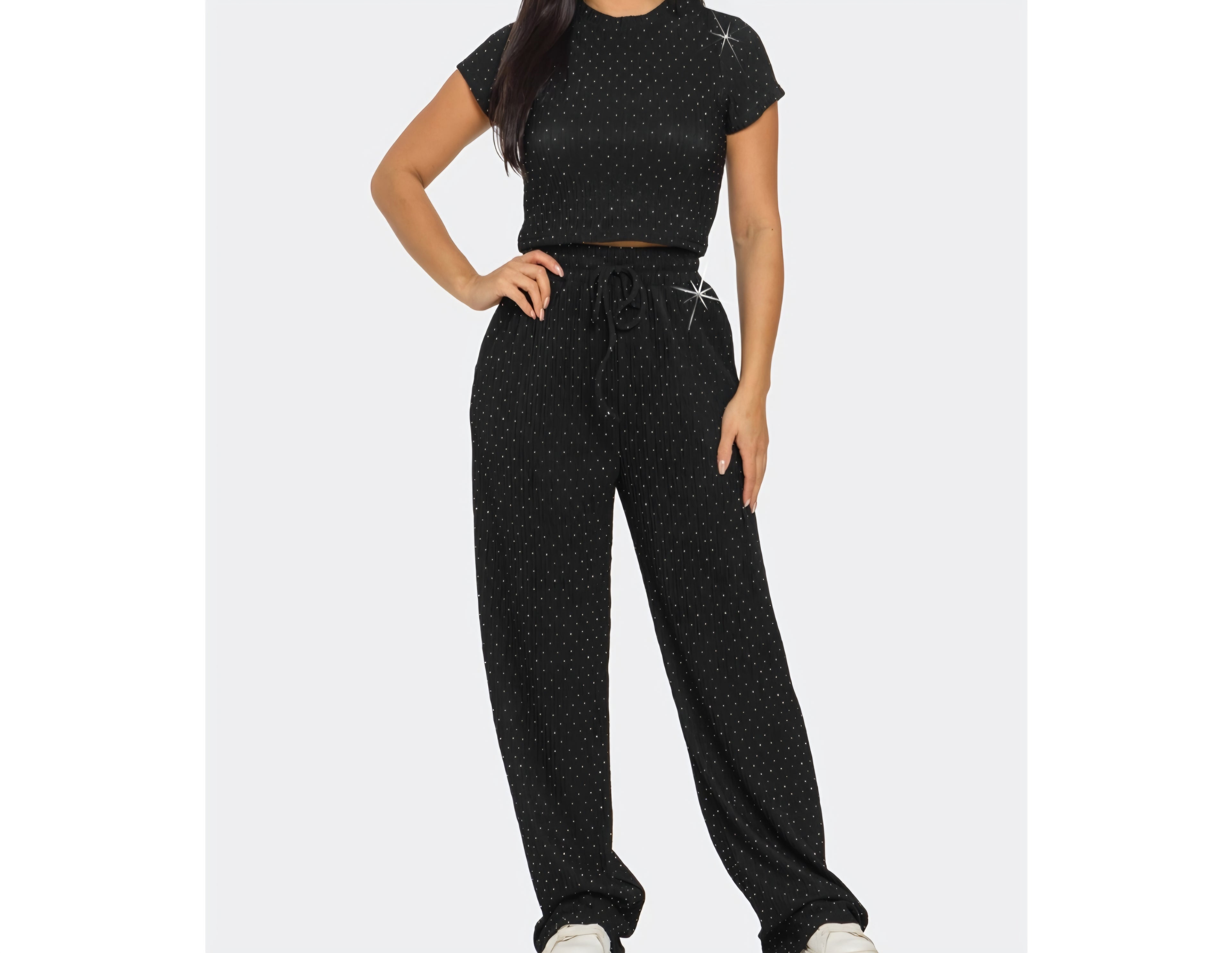 Rhinestone Crop Top and Wide Pants Set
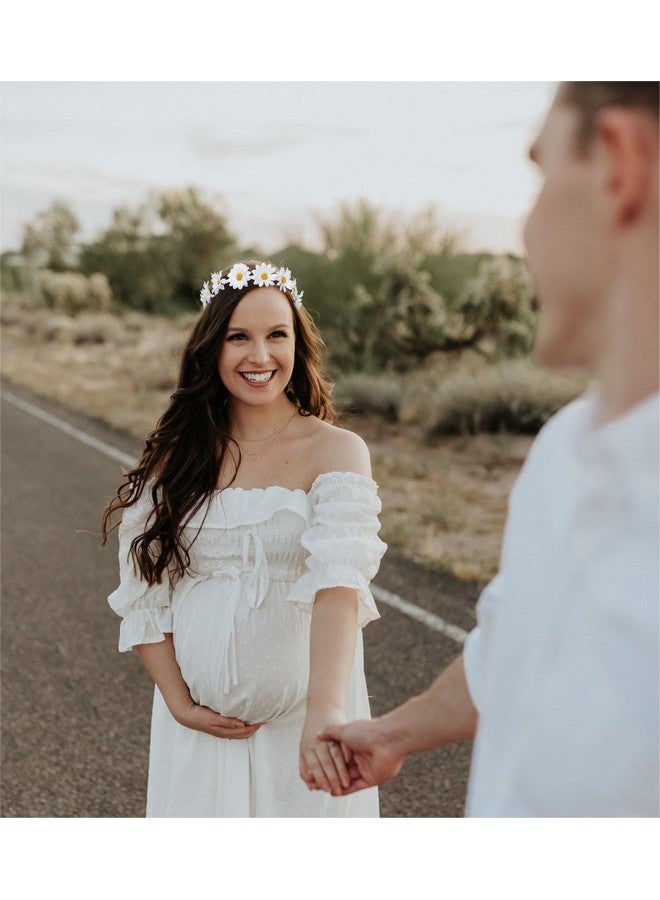 WOVOWOVO 2 Packs Daisy Flower Crown Headbands For Women Baby Girl, Sunflower Hippie Hair Accessories Fall Floral Crowns Hair Bands Handmade Bridal Headpiece Photo Props Party Vacation (White) - Image 1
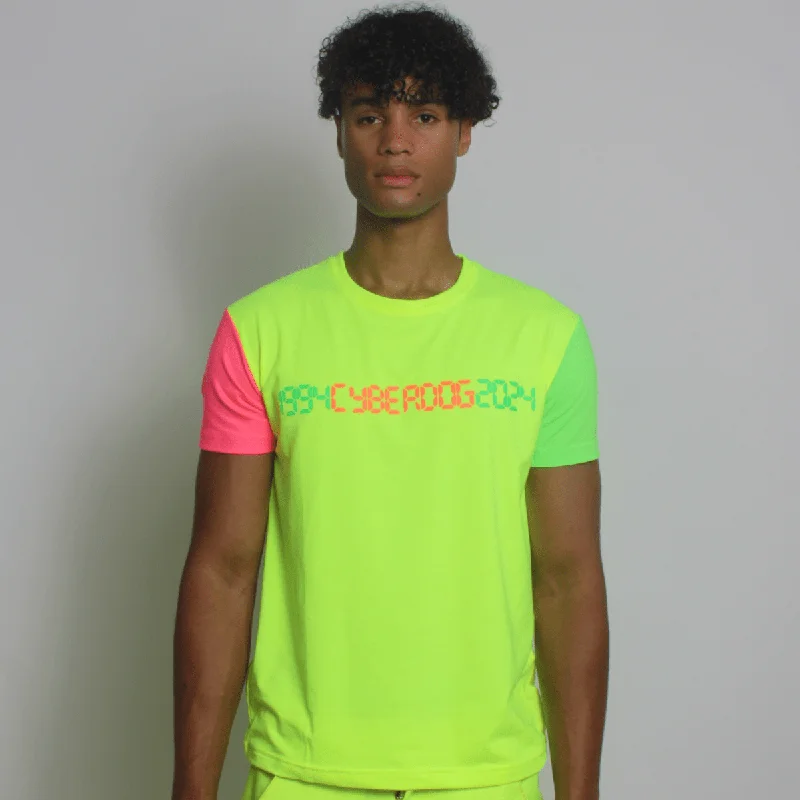 Men's pre-shrunk t-shirt-RAVE ON T-SHIRT MUTLI NEON MENS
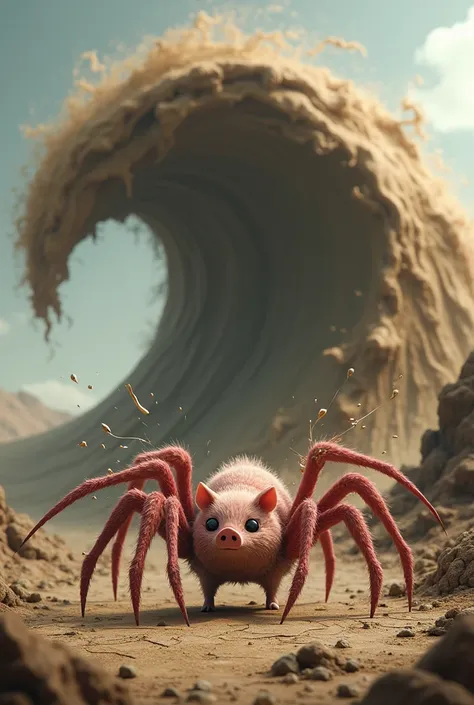 I want you to create an image of a spiderpig releasing mud and behind him is a mud tsunami.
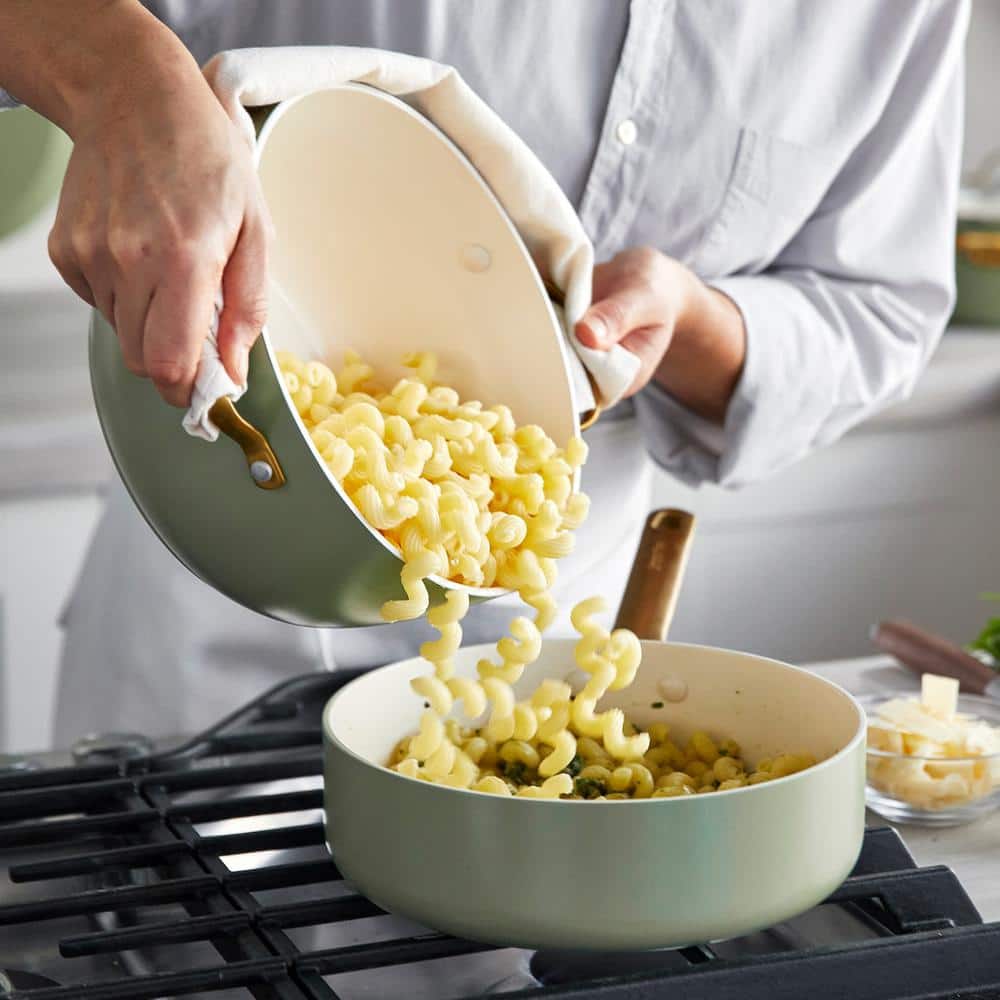 Sage Green 10-Piece Ceramic Nonstick Cookware Set with Gold Handles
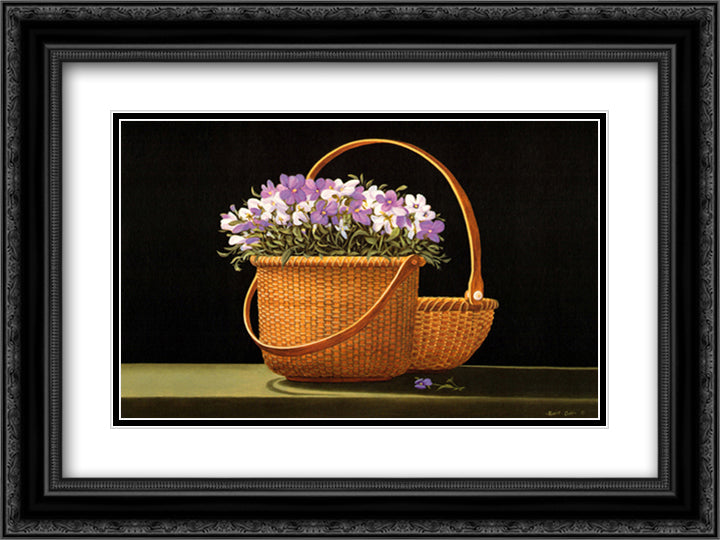 Baskets of Nantucket 15x18 Black Ornate Wood Framed Art Print Poster with Double Matting by Duff, Robert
....
__TO DO__: Output the records verbatim, every one of them, and keep the pictures out.

__ANSWER FOR THIS EXERCISE__:
 Rhinestone Crop Top and Wide Pants Set
 WOVOWOVO 2 Packs Daisy Flower Crown Headbands For Women Baby Girl, Sunflower Hippie Hair Accessories Fall Floral Crowns Hair Bands Handmade Bridal Headpiece Photo Props Party Vacation (White) - Image 1
 Men's pre-shrunk t-shirt-RAVE ON T-SHIRT MUTLI NEON MENS
 I want you to create an image of a spiderpig releasing mud and behind him is a mud tsunami.
 Sage Green 10-Piece Ceramic Nonstick Cookware Set with Gold Handles
 Baskets of Nantucket 15x18 Black Ornate Wood Framed Art Print Poster with Double Matting by Duff, Robert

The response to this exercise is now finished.